Considerando le 12 banche italiane più significative, il nostro Paese si colloca al quarto posto in Ue per:
- totale di attivi (2,8 miliardi di euro);
- profitti (12,87 miliardi di euro);
- roe (return on equity, ovvero indice di redditività del capitale proprio) dell’8,95% (oltre la media Ue)
Fabi sottolinea che “l’Italia, con una massa di attivi pari alla metà di quella tedesca e a circa un terzo di quella francese, vanta un roe (return on equity) superiore non solo alla media europea, ma anche ai principali concorrenti dell’area euro”. La tabella elaborata mette in evidenza questi dati:
Inoltre, con un cost/income (rapporto tra costi operativi e margine di intermediazione) pari al 64,2%, un Cet1 in media al 14,7% (rispetto all’8% che è il valore minimo stabilito dalla Bce) e un Tier1 al 16,2% le banche italiane sono considerate in salute.
Anche per quanto riguarda i ricavi, l’Italia è in una buona posizione, con il quarto posto in Ue, considerando che i suoi 12 istituti più significativi presi in esame sommano circa 50 miliardi di entrate. La tabella di Fabi è esplicativa al riguardo:
A testimonianza di una solidità data dai numeri, il documento sottolinea che... “le banche italiane vantano un giusto mix di ricavi che, congiuntamente alla qualità degli assets e alla buona patrimonializzazione, consente di resistere e di rispondere prontamente ai cambiamenti che intervengono nel contesto economico e nella regolamentazione”.
2. Crediti deteriorati e liquidità
Altri indicatori numerici importanti per analizzare lo stato di salute delle banche riguardano il peso dei crediti deteriorati (prestiti non performanti, quelli che il debitore non riesce più a ripagare e rappresentano quindi un rischio perdita alto per le banche) e la liquidità.
Il rapporto tra totale crediti e quelli non performing loan è al 2,6% in Italia, “dimostrando gli effetti positivi delle politiche di de-risking, in coerenza con i principali piano industriali delle banche degli ultimi anni.”
Anche il profilo liquidità mostra robustezza: l’indicatore Lcr ratio, ovvero lo stock di attività liquide sicure con le quali un istituto può coprire il fabbisogno di liquidità in 30 giorni in situazioni di stress, è pari al 176%, ben più ampio del 100% minimo stabilito dalle regole di Basilea.
3. Sorveglianza europea a garanzia delle banche italiane
Anche se il crollo di Deutsche Bank ha portato il panico in Europa, c’è da dire che il sistema di vigilanza che vige sugli istituti di credito europei, e quindi italiani, è valutato come un elemento di garanzia fondamentale.

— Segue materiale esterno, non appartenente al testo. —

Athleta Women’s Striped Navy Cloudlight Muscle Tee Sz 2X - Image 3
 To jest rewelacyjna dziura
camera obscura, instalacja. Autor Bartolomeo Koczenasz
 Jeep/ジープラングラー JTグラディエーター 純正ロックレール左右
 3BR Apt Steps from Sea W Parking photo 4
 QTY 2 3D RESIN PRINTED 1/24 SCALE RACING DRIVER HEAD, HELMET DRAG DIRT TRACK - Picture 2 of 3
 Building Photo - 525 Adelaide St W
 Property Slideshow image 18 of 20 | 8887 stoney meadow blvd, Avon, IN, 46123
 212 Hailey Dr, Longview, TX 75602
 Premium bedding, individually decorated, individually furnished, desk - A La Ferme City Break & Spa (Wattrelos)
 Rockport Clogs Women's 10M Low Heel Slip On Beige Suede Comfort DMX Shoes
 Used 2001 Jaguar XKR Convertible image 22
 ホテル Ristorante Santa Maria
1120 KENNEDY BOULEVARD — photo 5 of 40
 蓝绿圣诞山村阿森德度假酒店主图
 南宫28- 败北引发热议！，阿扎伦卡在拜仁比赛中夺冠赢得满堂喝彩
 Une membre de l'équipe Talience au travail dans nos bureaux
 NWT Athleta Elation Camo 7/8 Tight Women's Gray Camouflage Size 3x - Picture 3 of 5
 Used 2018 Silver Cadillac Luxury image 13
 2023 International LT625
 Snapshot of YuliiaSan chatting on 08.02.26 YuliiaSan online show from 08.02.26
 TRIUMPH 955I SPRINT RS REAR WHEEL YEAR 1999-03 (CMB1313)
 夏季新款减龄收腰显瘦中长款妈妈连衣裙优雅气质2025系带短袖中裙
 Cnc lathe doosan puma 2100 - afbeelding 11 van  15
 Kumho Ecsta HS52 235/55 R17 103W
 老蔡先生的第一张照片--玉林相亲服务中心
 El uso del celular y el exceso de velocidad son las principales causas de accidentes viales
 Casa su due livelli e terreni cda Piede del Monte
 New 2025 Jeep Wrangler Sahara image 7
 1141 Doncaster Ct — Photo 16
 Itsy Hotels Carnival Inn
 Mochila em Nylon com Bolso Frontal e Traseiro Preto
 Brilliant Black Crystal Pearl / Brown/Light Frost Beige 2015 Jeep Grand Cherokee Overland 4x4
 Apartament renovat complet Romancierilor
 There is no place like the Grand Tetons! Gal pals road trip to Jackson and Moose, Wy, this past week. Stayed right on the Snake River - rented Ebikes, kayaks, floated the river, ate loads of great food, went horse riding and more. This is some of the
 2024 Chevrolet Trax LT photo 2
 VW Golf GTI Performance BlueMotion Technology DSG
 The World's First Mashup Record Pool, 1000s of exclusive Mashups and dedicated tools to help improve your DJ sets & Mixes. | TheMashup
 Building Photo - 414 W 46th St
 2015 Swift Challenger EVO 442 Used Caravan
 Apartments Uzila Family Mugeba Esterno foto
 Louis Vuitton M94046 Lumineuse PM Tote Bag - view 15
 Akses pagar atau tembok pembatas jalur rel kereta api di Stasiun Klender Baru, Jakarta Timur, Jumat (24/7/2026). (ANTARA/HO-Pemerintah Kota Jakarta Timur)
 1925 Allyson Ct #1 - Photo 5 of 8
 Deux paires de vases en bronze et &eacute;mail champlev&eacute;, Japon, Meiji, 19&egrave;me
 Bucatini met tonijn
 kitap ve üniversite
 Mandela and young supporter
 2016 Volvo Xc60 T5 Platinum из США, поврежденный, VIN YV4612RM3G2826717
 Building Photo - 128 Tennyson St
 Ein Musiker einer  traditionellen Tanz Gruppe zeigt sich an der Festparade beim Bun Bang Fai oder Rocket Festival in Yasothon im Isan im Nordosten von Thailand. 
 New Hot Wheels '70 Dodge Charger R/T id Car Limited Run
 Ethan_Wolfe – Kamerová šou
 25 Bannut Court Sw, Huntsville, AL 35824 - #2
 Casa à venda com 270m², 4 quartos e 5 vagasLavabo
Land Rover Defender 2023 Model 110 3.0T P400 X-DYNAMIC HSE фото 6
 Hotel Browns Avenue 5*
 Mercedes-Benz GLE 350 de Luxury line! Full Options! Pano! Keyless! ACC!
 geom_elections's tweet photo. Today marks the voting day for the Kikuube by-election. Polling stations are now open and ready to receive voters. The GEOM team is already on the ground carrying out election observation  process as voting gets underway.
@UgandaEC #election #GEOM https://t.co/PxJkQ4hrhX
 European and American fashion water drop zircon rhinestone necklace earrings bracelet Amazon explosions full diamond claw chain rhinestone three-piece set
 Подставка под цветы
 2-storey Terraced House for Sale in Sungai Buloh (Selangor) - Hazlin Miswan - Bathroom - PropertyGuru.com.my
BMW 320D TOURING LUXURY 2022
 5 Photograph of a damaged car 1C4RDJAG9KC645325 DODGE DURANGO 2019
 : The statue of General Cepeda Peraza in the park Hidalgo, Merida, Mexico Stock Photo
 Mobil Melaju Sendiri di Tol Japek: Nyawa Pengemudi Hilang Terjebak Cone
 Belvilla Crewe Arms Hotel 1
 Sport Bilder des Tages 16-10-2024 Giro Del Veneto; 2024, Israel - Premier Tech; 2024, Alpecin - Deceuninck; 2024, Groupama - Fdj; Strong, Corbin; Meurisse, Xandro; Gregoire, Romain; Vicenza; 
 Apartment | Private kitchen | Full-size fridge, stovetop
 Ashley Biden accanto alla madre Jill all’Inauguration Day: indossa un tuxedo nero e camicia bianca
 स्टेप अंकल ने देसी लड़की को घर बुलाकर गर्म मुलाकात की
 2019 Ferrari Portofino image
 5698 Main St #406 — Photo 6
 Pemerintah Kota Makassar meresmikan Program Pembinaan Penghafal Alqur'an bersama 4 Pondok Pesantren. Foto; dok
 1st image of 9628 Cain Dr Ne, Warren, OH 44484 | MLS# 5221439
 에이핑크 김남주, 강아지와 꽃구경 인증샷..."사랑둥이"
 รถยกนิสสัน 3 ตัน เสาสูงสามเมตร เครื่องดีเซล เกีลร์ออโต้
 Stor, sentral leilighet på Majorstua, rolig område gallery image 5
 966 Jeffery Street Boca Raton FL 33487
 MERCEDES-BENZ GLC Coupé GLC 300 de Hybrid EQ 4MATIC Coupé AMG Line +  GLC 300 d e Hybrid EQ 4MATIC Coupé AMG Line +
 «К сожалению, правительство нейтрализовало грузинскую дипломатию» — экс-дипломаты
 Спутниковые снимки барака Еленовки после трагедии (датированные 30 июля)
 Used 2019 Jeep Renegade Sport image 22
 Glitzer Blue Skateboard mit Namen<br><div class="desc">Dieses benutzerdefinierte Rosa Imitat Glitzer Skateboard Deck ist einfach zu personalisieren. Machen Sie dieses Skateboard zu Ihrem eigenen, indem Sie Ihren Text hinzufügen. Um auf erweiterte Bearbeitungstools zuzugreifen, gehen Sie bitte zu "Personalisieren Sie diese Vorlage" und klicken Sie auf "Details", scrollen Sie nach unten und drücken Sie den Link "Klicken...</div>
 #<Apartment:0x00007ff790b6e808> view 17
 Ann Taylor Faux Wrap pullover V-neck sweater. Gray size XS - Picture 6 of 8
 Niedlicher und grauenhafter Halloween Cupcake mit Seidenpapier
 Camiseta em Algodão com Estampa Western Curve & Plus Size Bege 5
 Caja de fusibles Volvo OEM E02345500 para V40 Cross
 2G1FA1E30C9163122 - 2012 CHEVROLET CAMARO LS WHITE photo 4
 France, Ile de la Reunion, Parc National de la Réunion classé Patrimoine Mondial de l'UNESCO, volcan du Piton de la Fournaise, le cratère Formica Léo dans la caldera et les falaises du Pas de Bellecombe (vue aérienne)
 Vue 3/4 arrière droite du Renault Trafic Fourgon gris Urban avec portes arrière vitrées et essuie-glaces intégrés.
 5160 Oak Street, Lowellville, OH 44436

Negli anni la sorveglianza europea sulle banche si è andata anche a rafforzare, con richieste più stringenti soprattutto su posizione patrimoniale e requisiti di liquidità. Rispetto agli Usa, come evidenziato anche da Fabi, “ci sono norme più stringenti che impongono controlli differenti e maggiori rispetto a quelle dei due Paesi degli istituti falliti...facendo anche tesoro di quanto accaduto con la precedente crisi globale del 2008...”.
Il momento finanziario globale non è certo dei migliori, tra tassi di interesse elevati, inflazione in corsa, guerra e vulnerabilità di alcuni istituti di crediti nel mondo. Tuttavia, la forza delle banche italiane sta negli indici di liquidità, la bontà del patrimonio e il livello di redditività, tutti migliorati.
La situazione Deutsche Bank, per ora, resta nello sfondo e seppure allarma, rimane un segnale del nervosismo generale di mercati e investitori.